• **Exercise instructions**: Among the lines below, restate word for word only those from the line with "garlic on wooden background" through the line with "Womens Converse Chuck", with both end lines kept.

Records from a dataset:

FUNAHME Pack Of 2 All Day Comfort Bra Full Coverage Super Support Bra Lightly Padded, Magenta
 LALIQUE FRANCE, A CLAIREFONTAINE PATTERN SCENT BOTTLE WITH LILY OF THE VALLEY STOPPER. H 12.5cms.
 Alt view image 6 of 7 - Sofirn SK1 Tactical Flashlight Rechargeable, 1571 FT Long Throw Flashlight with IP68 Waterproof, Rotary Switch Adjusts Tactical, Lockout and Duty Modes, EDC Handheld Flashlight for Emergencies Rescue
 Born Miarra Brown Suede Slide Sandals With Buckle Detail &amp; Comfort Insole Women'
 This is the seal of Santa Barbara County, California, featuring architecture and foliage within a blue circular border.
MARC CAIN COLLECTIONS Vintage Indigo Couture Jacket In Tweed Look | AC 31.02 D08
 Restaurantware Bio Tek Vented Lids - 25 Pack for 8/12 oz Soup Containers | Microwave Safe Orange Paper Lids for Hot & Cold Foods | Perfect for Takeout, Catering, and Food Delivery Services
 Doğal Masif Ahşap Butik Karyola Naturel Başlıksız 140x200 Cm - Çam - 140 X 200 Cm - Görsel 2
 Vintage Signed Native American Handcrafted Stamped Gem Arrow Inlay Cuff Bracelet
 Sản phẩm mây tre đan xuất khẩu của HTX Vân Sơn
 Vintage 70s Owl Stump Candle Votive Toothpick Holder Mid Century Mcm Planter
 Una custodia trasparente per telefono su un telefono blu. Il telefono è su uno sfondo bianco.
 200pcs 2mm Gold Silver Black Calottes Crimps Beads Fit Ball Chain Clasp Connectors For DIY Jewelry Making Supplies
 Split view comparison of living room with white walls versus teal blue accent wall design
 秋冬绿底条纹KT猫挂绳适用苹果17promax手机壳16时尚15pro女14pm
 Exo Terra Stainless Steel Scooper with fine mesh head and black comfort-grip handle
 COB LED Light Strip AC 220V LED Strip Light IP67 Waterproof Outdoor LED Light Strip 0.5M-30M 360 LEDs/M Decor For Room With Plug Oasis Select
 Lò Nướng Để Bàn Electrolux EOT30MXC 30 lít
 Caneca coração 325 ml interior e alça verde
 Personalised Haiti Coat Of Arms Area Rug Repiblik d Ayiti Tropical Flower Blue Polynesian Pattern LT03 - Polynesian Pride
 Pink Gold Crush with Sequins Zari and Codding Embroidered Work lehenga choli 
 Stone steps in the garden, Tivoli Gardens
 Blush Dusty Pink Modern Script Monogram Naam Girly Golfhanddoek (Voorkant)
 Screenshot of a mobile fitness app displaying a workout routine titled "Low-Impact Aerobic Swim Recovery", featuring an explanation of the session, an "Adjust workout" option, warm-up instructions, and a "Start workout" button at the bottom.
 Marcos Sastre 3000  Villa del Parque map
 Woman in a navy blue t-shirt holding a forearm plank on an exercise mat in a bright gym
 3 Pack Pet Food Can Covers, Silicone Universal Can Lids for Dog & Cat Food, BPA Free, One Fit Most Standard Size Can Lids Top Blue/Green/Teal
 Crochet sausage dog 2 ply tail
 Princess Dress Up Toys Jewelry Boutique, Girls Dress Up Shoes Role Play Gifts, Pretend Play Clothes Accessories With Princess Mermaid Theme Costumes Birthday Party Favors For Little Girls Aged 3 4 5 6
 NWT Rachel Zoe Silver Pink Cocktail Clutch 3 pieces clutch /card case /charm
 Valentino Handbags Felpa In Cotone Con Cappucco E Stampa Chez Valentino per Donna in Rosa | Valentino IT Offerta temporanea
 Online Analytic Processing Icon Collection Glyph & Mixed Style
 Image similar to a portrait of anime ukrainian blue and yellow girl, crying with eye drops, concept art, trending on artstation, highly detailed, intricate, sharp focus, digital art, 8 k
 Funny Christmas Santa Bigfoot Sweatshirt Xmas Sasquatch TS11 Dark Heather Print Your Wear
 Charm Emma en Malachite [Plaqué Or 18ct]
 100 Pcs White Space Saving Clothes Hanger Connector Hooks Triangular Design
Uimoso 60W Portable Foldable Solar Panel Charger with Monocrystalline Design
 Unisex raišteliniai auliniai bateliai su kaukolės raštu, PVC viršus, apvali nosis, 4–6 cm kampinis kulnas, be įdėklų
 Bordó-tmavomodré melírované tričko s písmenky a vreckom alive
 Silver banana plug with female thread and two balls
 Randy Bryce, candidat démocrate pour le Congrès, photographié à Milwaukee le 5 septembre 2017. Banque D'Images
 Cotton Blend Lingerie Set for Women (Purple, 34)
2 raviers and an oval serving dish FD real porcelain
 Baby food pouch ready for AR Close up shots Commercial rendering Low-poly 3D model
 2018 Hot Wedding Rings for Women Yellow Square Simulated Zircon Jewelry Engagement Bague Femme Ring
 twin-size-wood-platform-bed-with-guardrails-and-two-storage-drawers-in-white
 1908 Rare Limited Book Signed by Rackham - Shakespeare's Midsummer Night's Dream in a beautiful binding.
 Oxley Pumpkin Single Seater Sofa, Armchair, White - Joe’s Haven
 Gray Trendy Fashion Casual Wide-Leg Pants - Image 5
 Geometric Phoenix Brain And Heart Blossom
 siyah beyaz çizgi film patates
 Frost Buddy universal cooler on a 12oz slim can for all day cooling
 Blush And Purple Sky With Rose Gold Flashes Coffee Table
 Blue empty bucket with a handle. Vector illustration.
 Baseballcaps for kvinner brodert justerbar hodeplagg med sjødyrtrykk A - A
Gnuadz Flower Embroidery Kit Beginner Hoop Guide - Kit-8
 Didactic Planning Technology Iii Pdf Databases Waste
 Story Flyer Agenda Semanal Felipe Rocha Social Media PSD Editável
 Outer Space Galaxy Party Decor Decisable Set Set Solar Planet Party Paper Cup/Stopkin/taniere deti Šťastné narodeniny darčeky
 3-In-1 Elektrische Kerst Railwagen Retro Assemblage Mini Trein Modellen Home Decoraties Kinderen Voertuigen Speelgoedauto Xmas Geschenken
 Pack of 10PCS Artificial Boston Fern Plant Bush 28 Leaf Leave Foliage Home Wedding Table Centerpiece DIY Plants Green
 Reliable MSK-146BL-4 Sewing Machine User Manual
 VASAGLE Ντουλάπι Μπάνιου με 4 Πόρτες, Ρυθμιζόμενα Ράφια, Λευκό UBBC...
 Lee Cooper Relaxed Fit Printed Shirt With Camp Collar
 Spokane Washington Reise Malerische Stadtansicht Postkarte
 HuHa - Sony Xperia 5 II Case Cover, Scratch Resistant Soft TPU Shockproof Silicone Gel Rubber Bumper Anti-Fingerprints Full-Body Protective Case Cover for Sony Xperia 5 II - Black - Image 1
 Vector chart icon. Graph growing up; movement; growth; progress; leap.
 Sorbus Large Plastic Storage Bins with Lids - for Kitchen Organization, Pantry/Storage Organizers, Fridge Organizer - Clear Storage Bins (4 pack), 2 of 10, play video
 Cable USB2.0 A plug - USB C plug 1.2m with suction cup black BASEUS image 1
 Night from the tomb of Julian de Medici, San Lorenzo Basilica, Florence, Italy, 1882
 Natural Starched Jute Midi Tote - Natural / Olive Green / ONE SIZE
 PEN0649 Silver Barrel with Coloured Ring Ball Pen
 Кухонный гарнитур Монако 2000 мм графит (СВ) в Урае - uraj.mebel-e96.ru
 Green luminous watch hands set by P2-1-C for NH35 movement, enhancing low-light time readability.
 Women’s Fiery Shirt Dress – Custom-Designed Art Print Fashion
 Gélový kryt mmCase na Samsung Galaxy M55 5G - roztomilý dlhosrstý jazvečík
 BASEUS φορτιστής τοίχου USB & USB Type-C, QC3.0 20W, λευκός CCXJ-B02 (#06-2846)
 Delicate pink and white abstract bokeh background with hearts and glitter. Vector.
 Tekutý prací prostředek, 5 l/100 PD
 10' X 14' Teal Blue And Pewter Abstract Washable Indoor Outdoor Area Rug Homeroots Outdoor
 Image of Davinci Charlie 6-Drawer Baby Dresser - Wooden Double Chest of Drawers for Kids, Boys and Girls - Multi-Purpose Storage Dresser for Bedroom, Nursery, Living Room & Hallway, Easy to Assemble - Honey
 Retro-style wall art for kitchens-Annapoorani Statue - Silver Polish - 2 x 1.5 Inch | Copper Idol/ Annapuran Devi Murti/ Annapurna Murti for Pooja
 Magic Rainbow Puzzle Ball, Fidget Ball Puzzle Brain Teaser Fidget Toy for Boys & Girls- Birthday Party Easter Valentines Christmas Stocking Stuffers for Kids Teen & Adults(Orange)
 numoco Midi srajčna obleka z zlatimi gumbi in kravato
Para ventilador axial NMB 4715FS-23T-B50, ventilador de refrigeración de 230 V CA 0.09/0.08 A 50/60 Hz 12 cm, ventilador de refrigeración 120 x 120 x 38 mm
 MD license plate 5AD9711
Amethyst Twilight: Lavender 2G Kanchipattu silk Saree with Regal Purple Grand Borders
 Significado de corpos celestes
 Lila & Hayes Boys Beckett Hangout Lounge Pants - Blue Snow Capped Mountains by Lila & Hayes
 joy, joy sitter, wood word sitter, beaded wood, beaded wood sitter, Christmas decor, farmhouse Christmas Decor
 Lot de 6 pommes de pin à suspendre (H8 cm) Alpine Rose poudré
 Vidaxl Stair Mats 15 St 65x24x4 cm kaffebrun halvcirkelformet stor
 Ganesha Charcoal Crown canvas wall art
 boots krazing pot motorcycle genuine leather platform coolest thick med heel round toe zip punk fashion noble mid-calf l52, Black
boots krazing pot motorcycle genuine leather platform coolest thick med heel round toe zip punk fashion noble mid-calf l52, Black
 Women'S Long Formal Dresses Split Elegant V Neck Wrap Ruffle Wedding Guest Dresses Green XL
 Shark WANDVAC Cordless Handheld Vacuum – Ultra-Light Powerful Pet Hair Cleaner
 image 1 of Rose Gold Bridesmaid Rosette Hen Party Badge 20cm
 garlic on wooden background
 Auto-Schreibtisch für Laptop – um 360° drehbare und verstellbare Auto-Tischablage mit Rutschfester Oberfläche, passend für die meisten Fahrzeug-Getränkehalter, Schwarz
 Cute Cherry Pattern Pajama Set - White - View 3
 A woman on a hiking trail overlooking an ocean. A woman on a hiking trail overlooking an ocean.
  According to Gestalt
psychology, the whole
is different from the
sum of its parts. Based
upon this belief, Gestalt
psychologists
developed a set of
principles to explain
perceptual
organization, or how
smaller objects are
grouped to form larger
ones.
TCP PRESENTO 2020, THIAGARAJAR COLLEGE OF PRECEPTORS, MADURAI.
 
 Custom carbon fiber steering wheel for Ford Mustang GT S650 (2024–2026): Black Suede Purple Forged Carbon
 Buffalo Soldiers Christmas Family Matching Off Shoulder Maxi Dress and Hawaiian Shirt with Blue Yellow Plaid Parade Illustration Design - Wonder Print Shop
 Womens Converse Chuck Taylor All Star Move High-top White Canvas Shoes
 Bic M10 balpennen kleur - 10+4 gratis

• **Solved exercise**:
 garlic on wooden background
 Auto-Schreibtisch für Laptop – um 360° drehbare und verstellbare Auto-Tischablage mit Rutschfester Oberfläche, passend für die meisten Fahrzeug-Getränkehalter, Schwarz
 Cute Cherry Pattern Pajama Set - White - View 3
 A woman on a hiking trail overlooking an ocean. A woman on a hiking trail overlooking an ocean.
  According to Gestalt
psychology, the whole
is different from the
sum of its parts. Based
upon this belief, Gestalt
psychologists
developed a set of
principles to explain
perceptual
organization, or how
smaller objects are
grouped to form larger
ones.
TCP PRESENTO 2020, THIAGARAJAR COLLEGE OF PRECEPTORS, MADURAI.
 
 Custom carbon fiber steering wheel for Ford Mustang GT S650 (2024–2026): Black Suede Purple Forged Carbon
 Buffalo Soldiers Christmas Family Matching Off Shoulder Maxi Dress and Hawaiian Shirt with Blue Yellow Plaid Parade Illustration Design - Wonder Print Shop
 Womens Converse Chuck Taylor All Star Move High-top White Canvas Shoes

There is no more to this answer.